Mearsheimer ist einer der führenden Köpfe in den USA der so genannten realistischen Schule, die sich in der Tradition von Hans Morgenthau sieht. Und er wird seinem Ruf gerecht: The Great Delusion ist nicht nur eine Fundamentalkritik der amerikanischen Außenpolitik seit dem Ende des Ost-West-Konflikts, sondern auch eine gründliche Einführung in die Denkweise des außenpolitischen Realismus. Die Grundthese lautet: Eine Außenpolitik, die darauf gerichtet ist, die Menschenrechte oder liberale Grundsätze in anderen Staaten durchzusetzen, richtet außenpolitisch erheblichen Schaden an und hat am Ende unerwünschte Konsequenzen auch für das Land selbst, das diese Politik vertritt. Gegen diese liberale Politik – Mearsheimer verwendet den Begriff im amerikanischen Verständnis und zählt Republikaner und Konservative gleichermaßen zu den „Liberalen“ – bringt Mearsheimer den klassischen Realismus in Stellung. In der internationalen Politik geht es danach um Macht und Gegenmacht. Gottfried Benn hat in einem anderen Zusammenhang einmal formuliert, man müsse mit seinen Beständen rechnen, nicht mit seinen Parolen. Das würde Mearsheimer sicherlich unterschreiben.

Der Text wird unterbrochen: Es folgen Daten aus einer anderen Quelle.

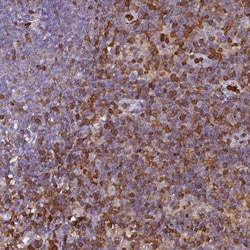 Invitrogen S100A4 Polyclonal Antibody 100 &mu;L; Unconjugated:Anticuerpos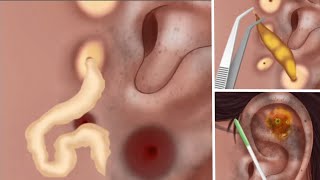 ASMR Ear Infection piercing pus  Removel Earrings Clean Animation process  Ear Treatment asmr [upl. by Enia574]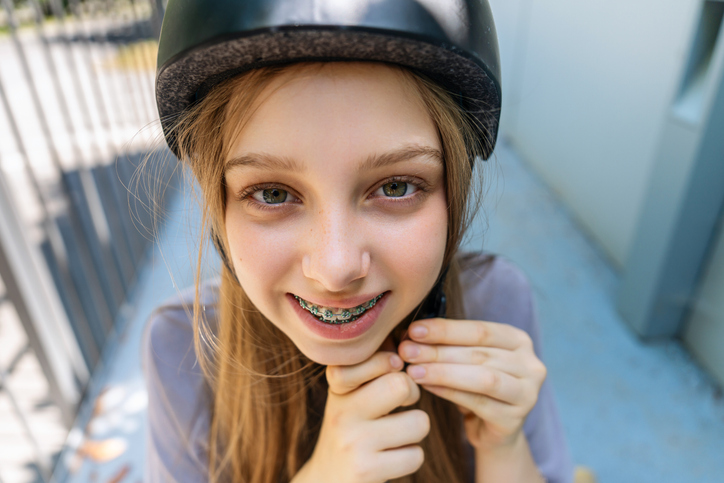 Braces and Sports: Mouthguards, Impacts, and Playing Safe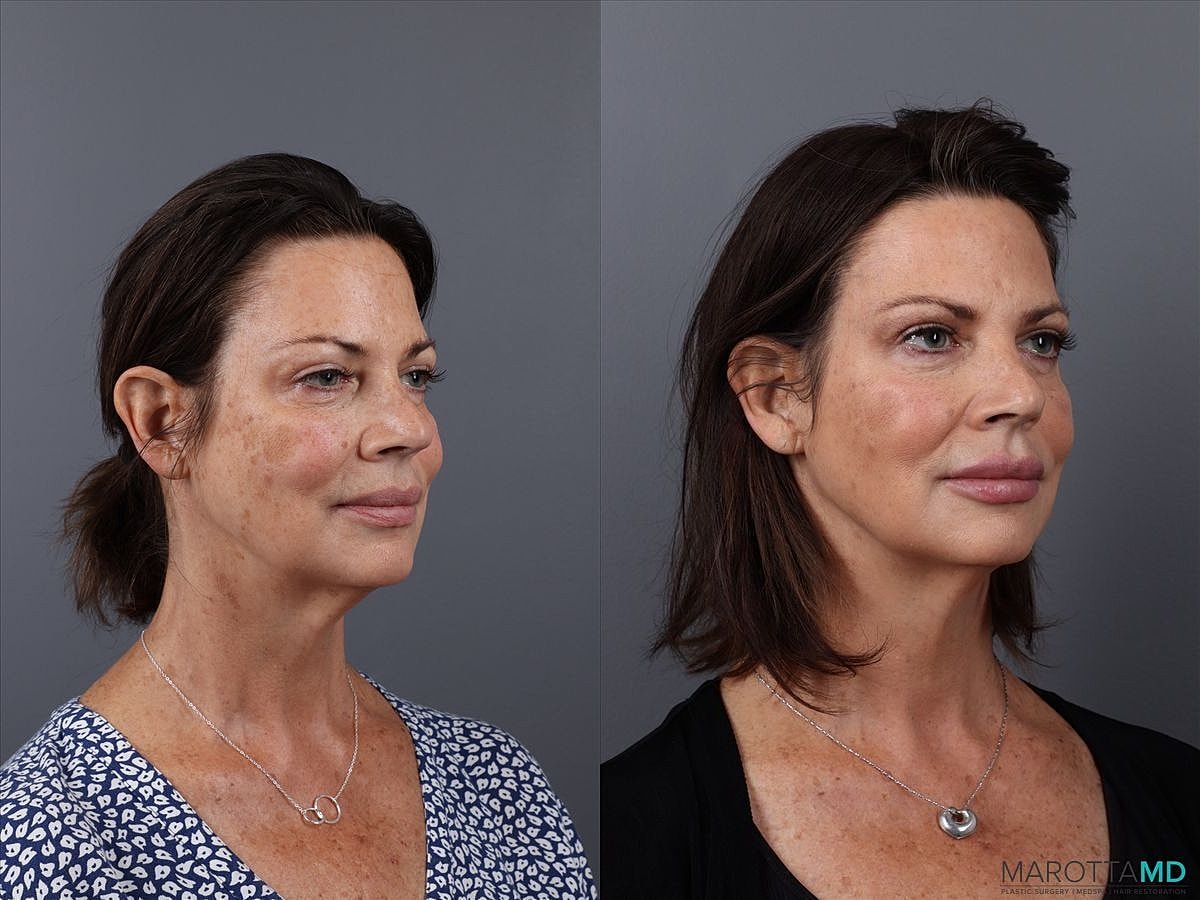 Dermal Fillers Before & After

Mearsheimer sieht in den USA eine liberale außenpolitische Elite am Werk, die die Grundlinien der Außenpolitik bestimmt. Sein Buch hat deshalb auch den Anspruch, eine neue Gegenelite zu informieren. Dies tut er zum einen, indem er die Grundlinien des Realismus bis in die anthropologischen Fundamente hin rekonstruiert. Dabei geht er von der Aufklärung aus, die den Menschen als vernunftbegabtes Wesen sieht und der aristotelisch-christlichen Sicht des Menschen als auf das Soziale wesensmäßig hin angelegt. So notwendig der Liberalismus auch sei, so Mearsheimer, er schaffe weder Konsens über erste Prinzipien noch werde er der Aufgabe gerecht, Gemeinschaft zu begründen. Hier ist der Nationalismus im Vorteil. Nationen brauchen Staaten und Staaten Nationen, so Mearsheimer apodiktisch. Für ihn sind deshalb auch Menschenrechte nicht unbedingt und universal.

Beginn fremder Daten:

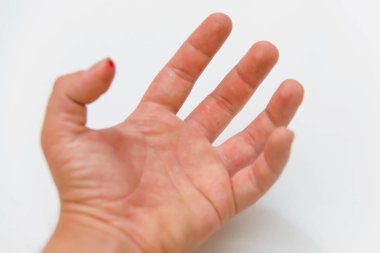 Parmağında yara. Başparmak Kızıl kanıyla. Merhem-tedavi parmak bir kesim sonra. Sağ el bir yara var. Boğaz parmak.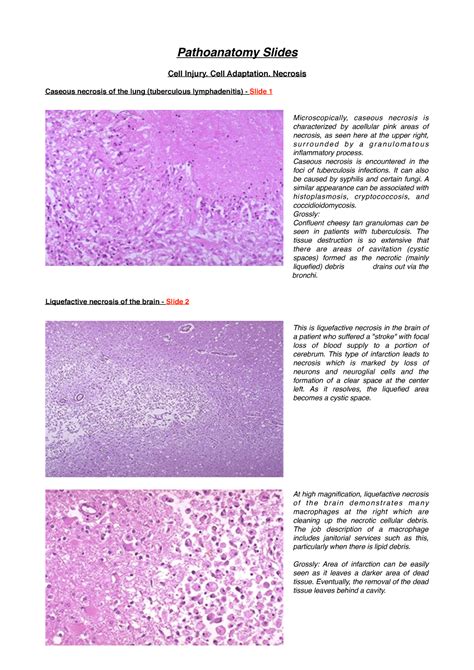 Pathoanatomy slides review - StuDocu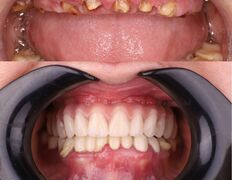 Стоматология My Dent (Май Дент), Примеры работ - фото 19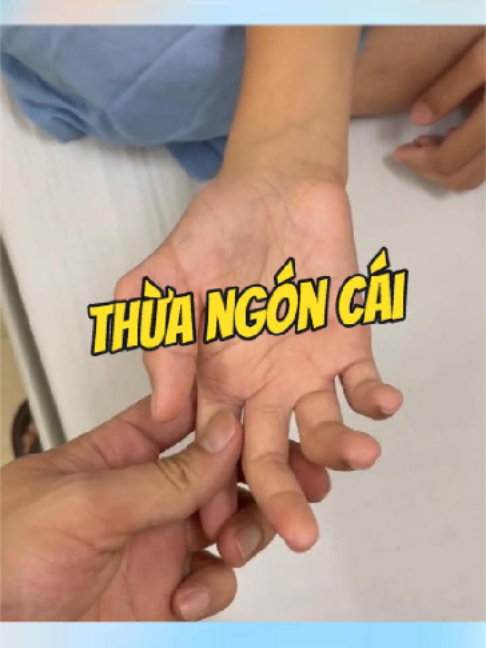 @Chuyên gia xương khớp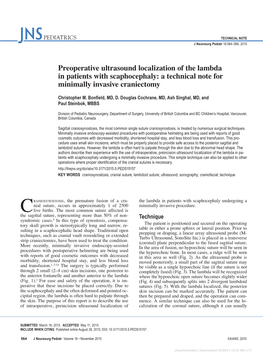 Preoperative Ultrasound Localization of the Lambda in Patients with Scaphocephaly: a Technical Note for Minimally Invasive Craniectomy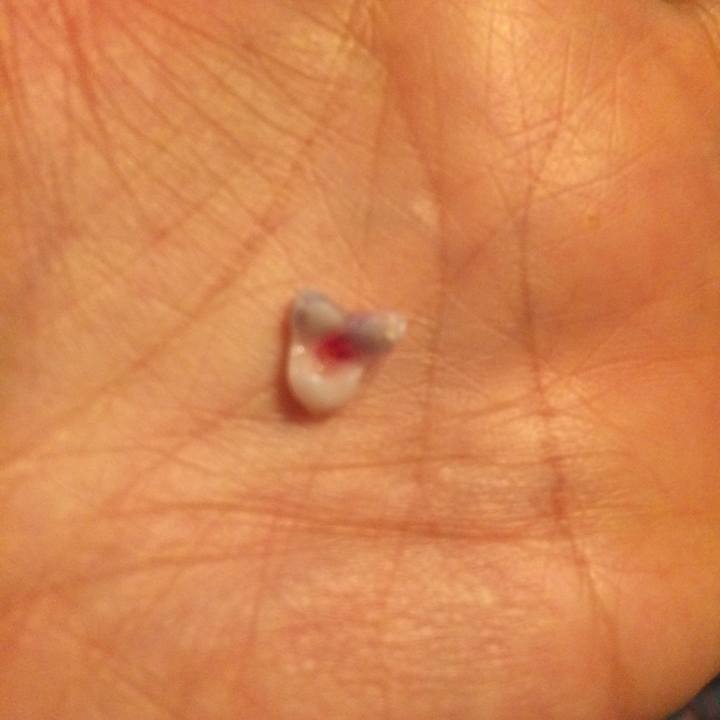 6bdb5246 de74 492b a487 a11c69b977aa 1511514017780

Der Liberalismus, so stellt er unmissverständlich fest, überbetont die Bedeutung der Menschenrechte. Dies werde immer dann deutlich, wenn das Überleben einer Nation auf dem Spiel stehe. Selbst in den USA würden dann die Menschenrechte suspendiert: durch illegale Überwachungen, Verletzungen des due process-Prinzips, unbegrenzten Freiheitsentzug, gezielte Tötungen oder Folter in den schwarzen Gefängnissen der Geheimdienste. Es gibt für Mearsheimer einen direkten Zusammenhang zwischen der Unbedingtheit liberaler Grundüberzeugungen und der Entgrenzung der Politik: Der Liberalismus richtet sich dann gegen sich selbst und wird zur Gefährdung von Stabilität und Ordnung. Am Ende steht ein desaströses Ergebnis, zu besichtigen als Bilanz der letzten zwanzig Jahre. Die Politik der USA hat russische Interessen nicht berücksichtigt und zur augenblicklichen Situation in der Ukraine beigetragen, hat den Irak, Libyen und Syrien destabilisiert mit den bekannten Folgewirkungen bis hin zur Flüchtlingskrise. Und diese Politik hat den Freiheiten und dem Rechtsstaat in den USA selbst schweren Schaden zugefügt.

Mearsheimer empfiehlt den USA, die Politik liberaler Hegemonie aufzugeben und eine kluge Politik der Zurückhaltung zu praktizieren. Dazu gehört eine genaue Definition der strategischen und regionalen Interessen ebenso wie die Reflektion über den Zusammenhang von Liberalismus, Nationalismus und Realismus. Seine Schrift ist ein Frontalangriff auf die Politik des Wünschbaren, auch auf die Dominanz eines Paradigmas, dass die regelgeleitete Politik zum alleinigen Ordnungsprinzip im internationalen System erklären will. Damit stellen sich aber auch für die deutsche Außenpolitik unangenehme Fragen.